A speaker at a practice management conference earlier this year had something interesting to say about the future of general practice. He told the audience that the government wants to cut the number of GP surgeries from its current number of about 10,000 down to about 1,800 “supersurgeries” – a plan first outlined in 2004. These mammoth practices, with between 10 and 30 doctors working to serve patient populations of between 20,000 and 50,000, have been described as “beacons of the community” – but is that the truth?
Proponents of supersurgeries talk enthusiastically about the provision of additional services that are normally only found in hospitals, such as minor surgery, X-rays, and orthopaedics and gynaecology. They also say that GPs would be “incentivised” (a horrible and ungrammatical word) to open longer and that private companies, such as Boots or BUPA, could offer GP services in areas where there is a shortage of doctors. There is also much talk about economies of scale, meaning lower costs.
Profit and loss
Not everyone is enthusiastic. UNISON warns that trusts already have to cope with deficits, which are often caused by private finance initiative (PFI) schemes to build new hospitals. They say that the billions spent on updating hospitals are in danger of being wasted if more of what has been traditionally secondary care is transferred to primary care. They also say that supersurgeries will lead to higher profits for private companies and more debt for the poor old taxpayer.
Values and commodities
On Merseyside, the opening of a private GP surgery was called “one more nail in the coffin” of the frontline NHS. This is the first such surgery in North West England and only the third in the UK as a whole.
A senior lecturer in public health at Liverpool University said that he was “…deeply concerned about the damage this is doing to the NHS through introducing the private sector initially into hospital services and now into primary care […] Firstly, companies are doing this work primarily to make a profit. Secondly, they have no experience of primary care. Not only will it draw doctors and financial resources away from the NHS, it will inevitably be a poorer quality of care that is provided. It’s also about changing the whole quality of the NHS from being part of the welfare state, providing services that we all feel part of, to reducing people and their health to commodities.”
This last point is very valid. Public opinion surveys show very clearly that patients like the relationship they have with their GP practice, and there is a real feeling of concern that the list-based system will be wrecked by private initiatives. One interesting point has emerged, though: according to a recent report, private companies that have taken over the supply of public services are rated as some of the UK’s top employers.
Expect more headlines to the east of London as well; a practice in Barking and Dagenham has been taken over by a private firm, Essex company Care UK. They have signed a deal believed to be worth £5m over five years, to provide primary care to a population of some 7,000.

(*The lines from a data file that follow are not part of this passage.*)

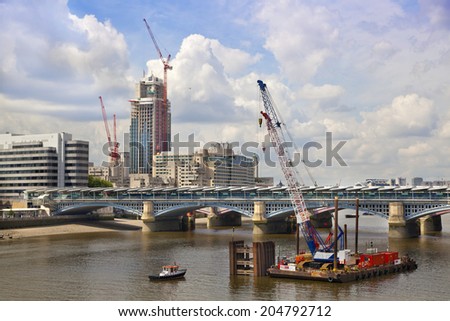 LONDON, UK - JUNE 30, 2014: London view from the bridge with building site and cranes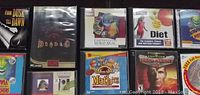 Top left section of the lot showing From Dusk Till Dawn game, Diablo, World Atlas, diet software, and other CD-ROMs in jewel cases.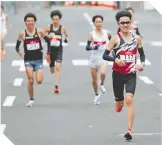  ?? / FOTO: AFP ?? El maratón de prueba en Japón fue visto por muy poca gente.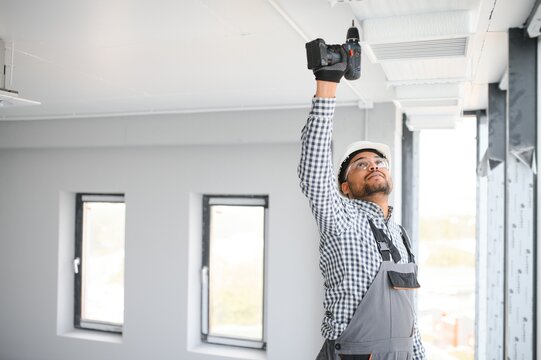 hvac services - indian worker install ducted pipe system for ventilation and air conditioning in house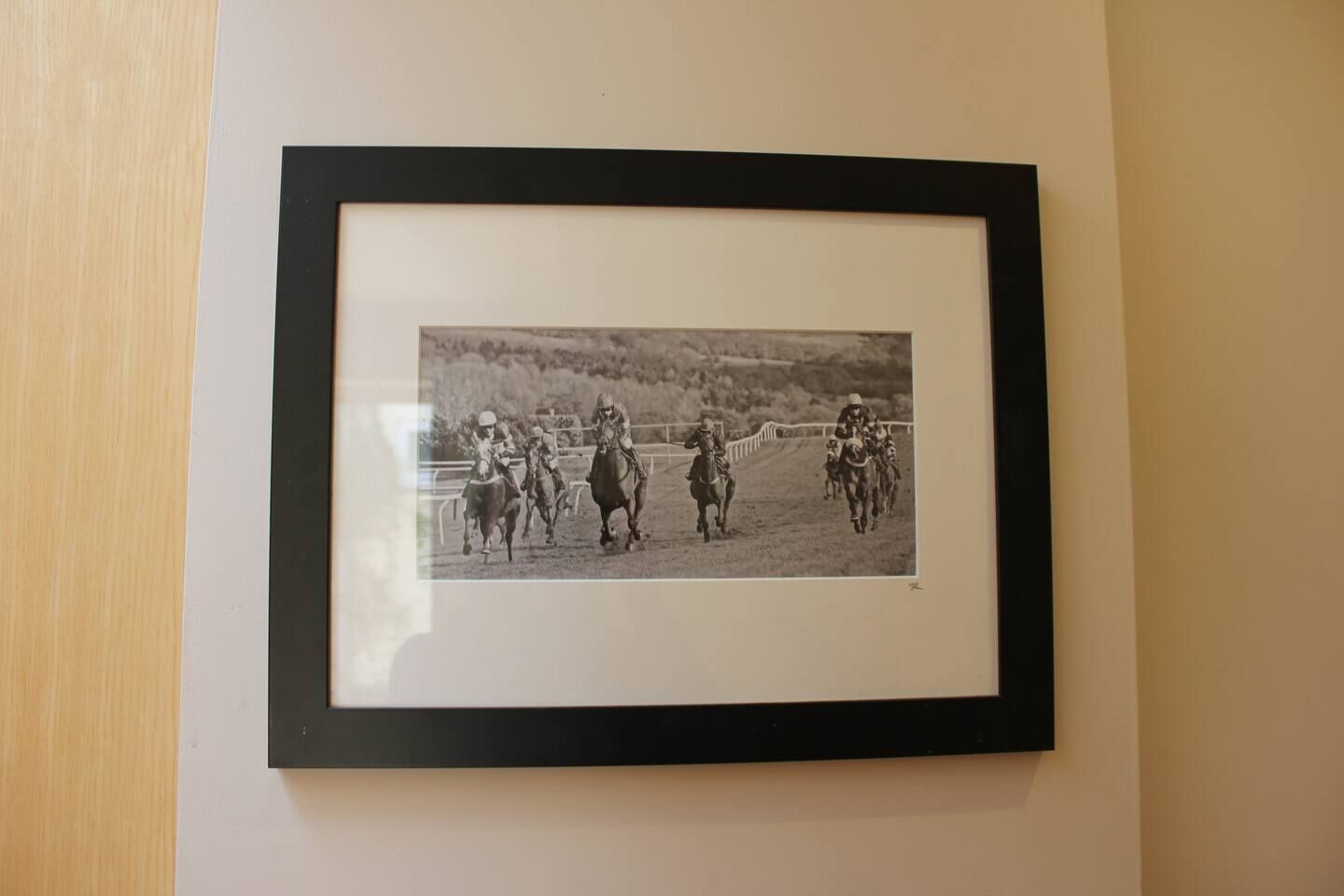 A framed black and white photograph of jockeys on horses in a race.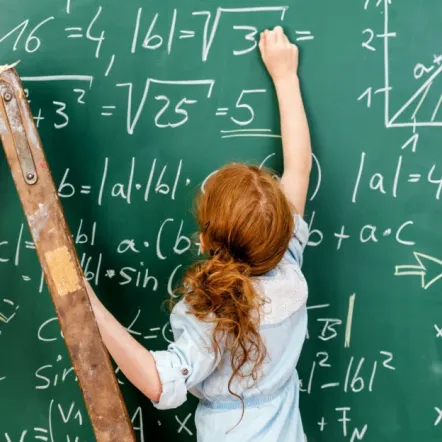 A student solving math problems on a blackboard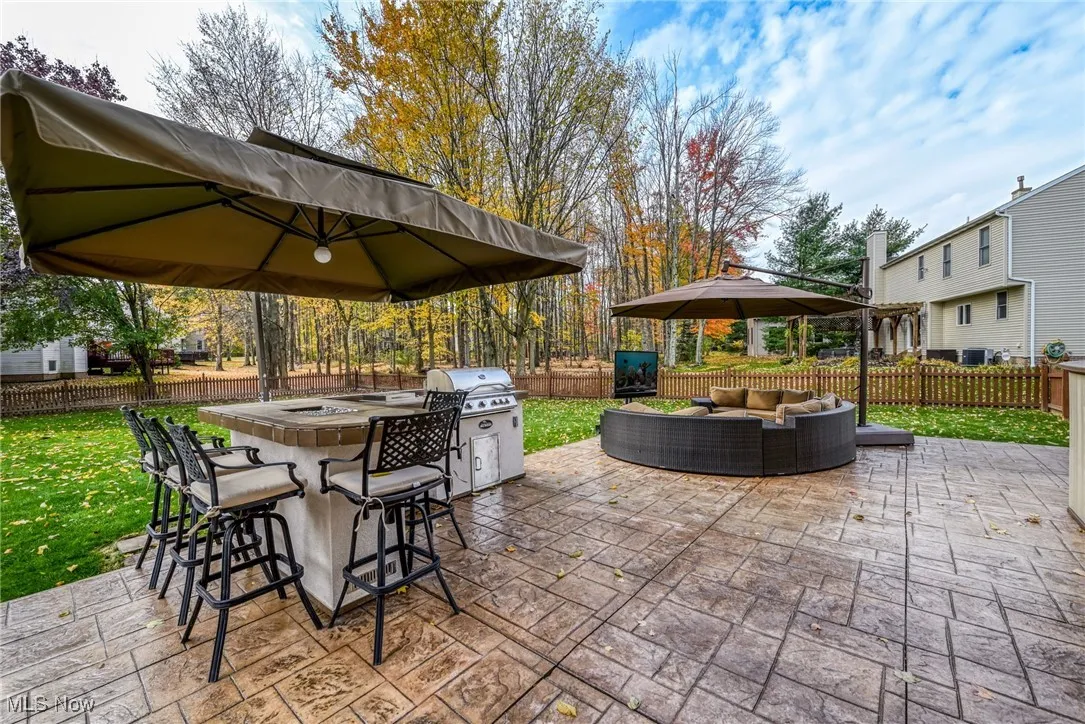 Fenced backyard with an outdoor hangout area, a patio, and an outdoor kitchen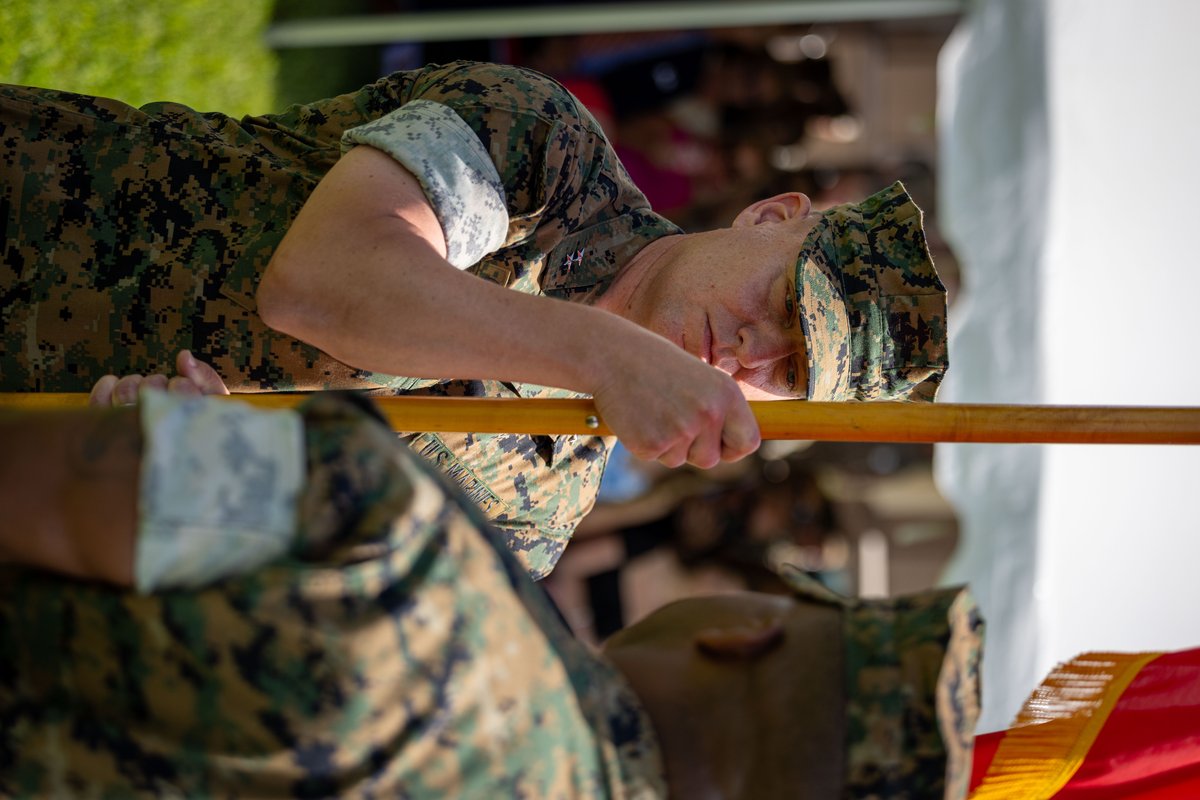 U.S. Marine Corps Maj. Gen. Mark Cunningham receiving colors from Sgt. Maj. Russell Boley during change of command ceremony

Private involvement in general practice was also highlighted in a recent high court case. This concerned a charge of failing to consult properly during the tendering process of a GP contract, which identified an American-owned firm, UnitedHealth Europe (UHE), as the preferred bidder. It is, of course, purely coincidental that the president of that firm’s UK branch is Simon Stevens, formerly health adviser to Tony Blair. UHE was chosen from a shortlist of six companies that were bidding to run surgeries in Cresswell and Derby. Two GPs had also put in bids and complained that they were not given fair consideration.
Using the Freedom of Information Act, they found out that UHE had scored the highest marks in its record of engagement with the public and patients – but without showing clear evidence of how this had been achieved. It also had the highest score for its proven track record of providing medical services, apparently on the basis of having a part-time GP as one of its management team. It is interesting to note that one of the criteria for selection was experience of managing primary care in the UK – something that UHE has clearly not had.
Local residents were unhappy at the decision and made a case stating that their local primary care trust (PCT) had failed to consult properly before reaching its conclusion, and that this was a breach of section 11 of the Health & Social Care Act 2001, which states that patient and public involvement in NHS decision-making is a priority. In the high court, Mr Justice Collins ruled that the PCT had failed to comply with section 11 because there had been “no proper involvement or consultation with those affected by the decision”.
So the PCT was wrong. Yet Mr Justice Collins said: “Essentially I have decided that, despite the failure to comply with section 11, the patients had an alternative remedy, and therefore judicial review is not an appropriate route. In addition, for reasons set out in the judgment, the failure would not have been likely to have made any difference.”
A successful appeal against this ruling has since quashed the selection of UHE, and ruled that Mr Justice Collins was wrong to say the PCT’s failure to consult would not have made a difference. Even so, the PCT are simply to go through the tendering process again – what are the odds on a similar outcome?
I just can’t help wondering what will happen to the dedicated team members who stand to lose their jobs if more practices become less. No one seems to have thought of that, and it could happen.